Required action: The data below is to be copied exactly, line by line.

Provided entries:
○ ○ ○ ○ ○

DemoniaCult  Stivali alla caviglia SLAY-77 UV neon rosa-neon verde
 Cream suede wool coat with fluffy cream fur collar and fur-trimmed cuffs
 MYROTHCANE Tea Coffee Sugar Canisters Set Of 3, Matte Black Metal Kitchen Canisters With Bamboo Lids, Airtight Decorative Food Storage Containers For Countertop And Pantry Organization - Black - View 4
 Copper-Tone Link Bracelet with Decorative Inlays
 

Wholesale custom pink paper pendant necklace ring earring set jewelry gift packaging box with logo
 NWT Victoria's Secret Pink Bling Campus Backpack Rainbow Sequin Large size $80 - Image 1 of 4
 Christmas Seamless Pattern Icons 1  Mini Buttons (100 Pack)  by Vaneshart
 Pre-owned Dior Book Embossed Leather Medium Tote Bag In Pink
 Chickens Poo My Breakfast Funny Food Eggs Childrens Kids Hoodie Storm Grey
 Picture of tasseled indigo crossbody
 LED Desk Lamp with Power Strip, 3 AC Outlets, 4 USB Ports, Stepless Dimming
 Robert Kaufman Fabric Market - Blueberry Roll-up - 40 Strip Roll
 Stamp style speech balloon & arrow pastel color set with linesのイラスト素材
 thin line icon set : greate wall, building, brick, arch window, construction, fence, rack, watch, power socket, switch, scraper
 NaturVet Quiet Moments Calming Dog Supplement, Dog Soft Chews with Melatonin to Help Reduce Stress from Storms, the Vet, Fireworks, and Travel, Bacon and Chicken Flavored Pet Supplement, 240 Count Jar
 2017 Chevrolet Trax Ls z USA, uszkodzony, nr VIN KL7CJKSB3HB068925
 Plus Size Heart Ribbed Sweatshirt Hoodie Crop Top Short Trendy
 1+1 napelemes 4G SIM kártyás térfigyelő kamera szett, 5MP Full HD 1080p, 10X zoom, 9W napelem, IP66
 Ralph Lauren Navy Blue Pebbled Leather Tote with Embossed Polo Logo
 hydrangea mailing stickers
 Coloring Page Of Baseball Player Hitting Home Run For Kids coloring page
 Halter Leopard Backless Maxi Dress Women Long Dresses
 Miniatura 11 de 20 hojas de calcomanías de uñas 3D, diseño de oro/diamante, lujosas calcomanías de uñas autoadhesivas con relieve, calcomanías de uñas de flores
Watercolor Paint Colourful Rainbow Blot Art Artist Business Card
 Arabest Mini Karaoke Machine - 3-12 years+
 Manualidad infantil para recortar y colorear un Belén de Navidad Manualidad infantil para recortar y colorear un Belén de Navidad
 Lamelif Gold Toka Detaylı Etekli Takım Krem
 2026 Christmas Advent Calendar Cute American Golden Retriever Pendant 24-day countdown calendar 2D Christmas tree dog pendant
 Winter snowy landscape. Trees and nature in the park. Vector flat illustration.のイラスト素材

○ ○ ○ ○ ○

Answer area:
DemoniaCult  Stivali alla caviglia SLAY-77 UV neon rosa-neon verde
 Cream suede wool coat with fluffy cream fur collar and fur-trimmed cuffs
 MYROTHCANE Tea Coffee Sugar Canisters Set Of 3, Matte Black Metal Kitchen Canisters With Bamboo Lids, Airtight Decorative Food Storage Containers For Countertop And Pantry Organization - Black - View 4
 Copper-Tone Link Bracelet with Decorative Inlays
 

Wholesale custom pink paper pendant necklace ring earring set jewelry gift packaging box with logo
 NWT Victoria's Secret Pink Bling Campus Backpack Rainbow Sequin Large size $80 - Image 1 of 4
 Christmas Seamless Pattern Icons 1  Mini Buttons (100 Pack)  by Vaneshart
 Pre-owned Dior Book Embossed Leather Medium Tote Bag In Pink
 Chickens Poo My Breakfast Funny Food Eggs Childrens Kids Hoodie Storm Grey
 Picture of tasseled indigo crossbody
 LED Desk Lamp with Power Strip, 3 AC Outlets, 4 USB Ports, Stepless Dimming
 Robert Kaufman Fabric Market - Blueberry Roll-up - 40 Strip Roll
 Stamp style speech balloon & arrow pastel color set with linesのイラスト素材
 thin line icon set : greate wall, building, brick, arch window, construction, fence, rack, watch, power socket, switch, scraper
 NaturVet Quiet Moments Calming Dog Supplement, Dog Soft Chews with Melatonin to Help Reduce Stress from Storms, the Vet, Fireworks, and Travel, Bacon and Chicken Flavored Pet Supplement, 240 Count Jar
 2017 Chevrolet Trax Ls z USA, uszkodzony, nr VIN KL7CJKSB3HB068925
 Plus Size Heart Ribbed Sweatshirt Hoodie Crop Top Short Trendy
 1+1 napelemes 4G SIM kártyás térfigyelő kamera szett, 5MP Full HD 1080p, 10X zoom, 9W napelem, IP66
 Ralph Lauren Navy Blue Pebbled Leather Tote with Embossed Polo Logo
 hydrangea mailing stickers
 Coloring Page Of Baseball Player Hitting Home Run For Kids coloring page
 Halter Leopard Backless Maxi Dress Women Long Dresses
 Miniatura 11 de 20 hojas de calcomanías de uñas 3D, diseño de oro/diamante, lujosas calcomanías de uñas autoadhesivas con relieve, calcomanías de uñas de flores
Watercolor Paint Colourful Rainbow Blot Art Artist Business Card
 Arabest Mini Karaoke Machine - 3-12 years+
 Manualidad infantil para recortar y colorear un Belén de Navidad Manualidad infantil para recortar y colorear un Belén de Navidad
 Lamelif Gold Toka Detaylı Etekli Takım Krem
 2026 Christmas Advent Calendar Cute American Golden Retriever Pendant 24-day countdown calendar 2D Christmas tree dog pendant
 Winter snowy landscape. Trees and nature in the park. Vector flat illustration.のイラスト素材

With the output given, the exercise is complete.